The full set of entries must be copied exactly.

(Data items)
□ □ □

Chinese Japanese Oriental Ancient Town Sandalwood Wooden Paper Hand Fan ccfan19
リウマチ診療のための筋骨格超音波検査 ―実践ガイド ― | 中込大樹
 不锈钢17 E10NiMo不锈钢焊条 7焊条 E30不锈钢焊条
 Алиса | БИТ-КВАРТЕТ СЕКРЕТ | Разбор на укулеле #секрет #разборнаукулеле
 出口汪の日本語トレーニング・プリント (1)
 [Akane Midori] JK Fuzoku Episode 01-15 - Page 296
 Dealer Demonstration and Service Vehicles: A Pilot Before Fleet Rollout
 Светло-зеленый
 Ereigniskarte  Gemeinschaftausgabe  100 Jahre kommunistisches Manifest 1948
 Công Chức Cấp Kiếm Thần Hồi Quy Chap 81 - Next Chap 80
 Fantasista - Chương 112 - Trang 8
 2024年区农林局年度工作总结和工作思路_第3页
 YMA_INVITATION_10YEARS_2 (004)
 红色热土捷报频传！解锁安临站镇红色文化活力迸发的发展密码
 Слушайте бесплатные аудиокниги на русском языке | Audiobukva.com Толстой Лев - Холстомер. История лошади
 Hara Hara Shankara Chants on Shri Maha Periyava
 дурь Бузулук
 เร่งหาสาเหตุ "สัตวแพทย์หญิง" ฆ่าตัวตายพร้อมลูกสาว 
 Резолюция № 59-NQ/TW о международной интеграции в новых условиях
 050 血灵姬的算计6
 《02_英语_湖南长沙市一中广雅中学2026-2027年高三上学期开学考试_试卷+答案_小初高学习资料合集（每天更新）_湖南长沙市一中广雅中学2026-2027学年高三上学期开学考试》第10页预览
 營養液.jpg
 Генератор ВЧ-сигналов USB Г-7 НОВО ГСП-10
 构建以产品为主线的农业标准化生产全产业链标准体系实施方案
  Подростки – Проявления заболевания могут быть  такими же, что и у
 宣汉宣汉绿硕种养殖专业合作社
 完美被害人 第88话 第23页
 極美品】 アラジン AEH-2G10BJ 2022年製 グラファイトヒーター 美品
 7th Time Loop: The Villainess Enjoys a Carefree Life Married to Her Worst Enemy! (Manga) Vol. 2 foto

□ □ □

• Output of the task:
Chinese Japanese Oriental Ancient Town Sandalwood Wooden Paper Hand Fan ccfan19
リウマチ診療のための筋骨格超音波検査 ―実践ガイド ― | 中込大樹
 不锈钢17 E10NiMo不锈钢焊条 7焊条 E30不锈钢焊条
 Алиса | БИТ-КВАРТЕТ СЕКРЕТ | Разбор на укулеле #секрет #разборнаукулеле
 出口汪の日本語トレーニング・プリント (1)
 [Akane Midori] JK Fuzoku Episode 01-15 - Page 296
 Dealer Demonstration and Service Vehicles: A Pilot Before Fleet Rollout
 Светло-зеленый
 Ereigniskarte  Gemeinschaftausgabe  100 Jahre kommunistisches Manifest 1948
 Công Chức Cấp Kiếm Thần Hồi Quy Chap 81 - Next Chap 80
 Fantasista - Chương 112 - Trang 8
 2024年区农林局年度工作总结和工作思路_第3页
 YMA_INVITATION_10YEARS_2 (004)
 红色热土捷报频传！解锁安临站镇红色文化活力迸发的发展密码
 Слушайте бесплатные аудиокниги на русском языке | Audiobukva.com Толстой Лев - Холстомер. История лошади
 Hara Hara Shankara Chants on Shri Maha Periyava
 дурь Бузулук
 เร่งหาสาเหตุ "สัตวแพทย์หญิง" ฆ่าตัวตายพร้อมลูกสาว 
 Резолюция № 59-NQ/TW о международной интеграции в новых условиях
 050 血灵姬的算计6
 《02_英语_湖南长沙市一中广雅中学2026-2027年高三上学期开学考试_试卷+答案_小初高学习资料合集（每天更新）_湖南长沙市一中广雅中学2026-2027学年高三上学期开学考试》第10页预览
 營養液.jpg
 Генератор ВЧ-сигналов USB Г-7 НОВО ГСП-10
 构建以产品为主线的农业标准化生产全产业链标准体系实施方案
  Подростки – Проявления заболевания могут быть  такими же, что и у
 宣汉宣汉绿硕种养殖专业合作社
 完美被害人 第88话 第23页
 極美品】 アラジン AEH-2G10BJ 2022年製 グラファイトヒーター 美品
 7th Time Loop: The Villainess Enjoys a Carefree Life Married to Her Worst Enemy! (Manga) Vol. 2 foto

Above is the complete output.